Bucknell Students Stage Innovative Production of 'Twelve Angry Men' Inside Prison

It takes a bold, visionary mind to reimagine a 65-year-old staple of eighth grade English class in a way nobody has tried before.

It takes someone like Mackenzie Gross '21.

The theatre and comparative humanities double-major from Poolesville, Md., directed a first-of-its-kind staging of Twelve Angry Men inside SCI Coal Township, a prison located about 45 minutes southeast of Bucknell.

The 12 jurors were played by six female Bucknell students and six "inside students" - men who are prisoners at SCI Coal Township.

"Twelve Angry Men is a play that I've known for a very long time, but I thought it would be remarkable to have it spoken by prisoners," Gross says. "When you have a murder trial being performed by individuals who may have committed murder or may have been involved in a crime in some way, it changes the dialogue and gives the words more impact."

Each week throughout the fall semester, the 12 cast members, along with eight other Bucknell students who served as the backstage crew, gathered at the prison to rehearse the play and - just as important - discuss the significance of a piece published before any of them was born.

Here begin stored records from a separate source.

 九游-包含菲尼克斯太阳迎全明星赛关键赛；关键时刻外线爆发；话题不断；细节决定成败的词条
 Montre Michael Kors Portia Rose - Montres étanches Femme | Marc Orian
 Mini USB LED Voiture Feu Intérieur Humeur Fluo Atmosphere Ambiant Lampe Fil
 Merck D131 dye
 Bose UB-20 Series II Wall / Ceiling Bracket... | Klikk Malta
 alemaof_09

"We talked about what it means to have words that were written for white men in the '50s to be said by black men and white women," Gross says. "We take these conversations very seriously because we all come from different backgrounds and perspectives."

But long before the makeshift curtain (infirmary sheets draped over folded-up tables on wheels) parted on opening night, Gross had to get buy-in from three important constituents: her professor, the head of the prison and the inmates themselves.

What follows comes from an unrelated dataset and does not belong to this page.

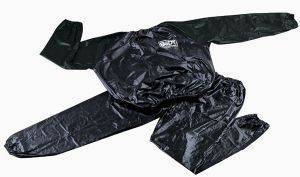 ΦΟΡΜΑ ΕΦΙΔΡΩΣΗΣ BODY SCULPTURE BJ-010-C ΜΑΥΡΗ (S/M) ΦΟΡΜΑ ΕΦΙΔΡΩΣΗΣ BODY SCULPTURE BJ-010-C ΜΑΥΡΗ (S/M)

The performance was at the end of the fall semester, but Gross' journey began a semester earlier in a Bucknell class called Sociology 239: Deviance and Identity, taught by Professor Carl Milofsky.

In that class, students traveled to SCI Coal Township every other week to talk with the prisoners, who were eligible for the program because they hadn't gotten in trouble while incarcerated. There, Gross met some of the men who would later take center stage.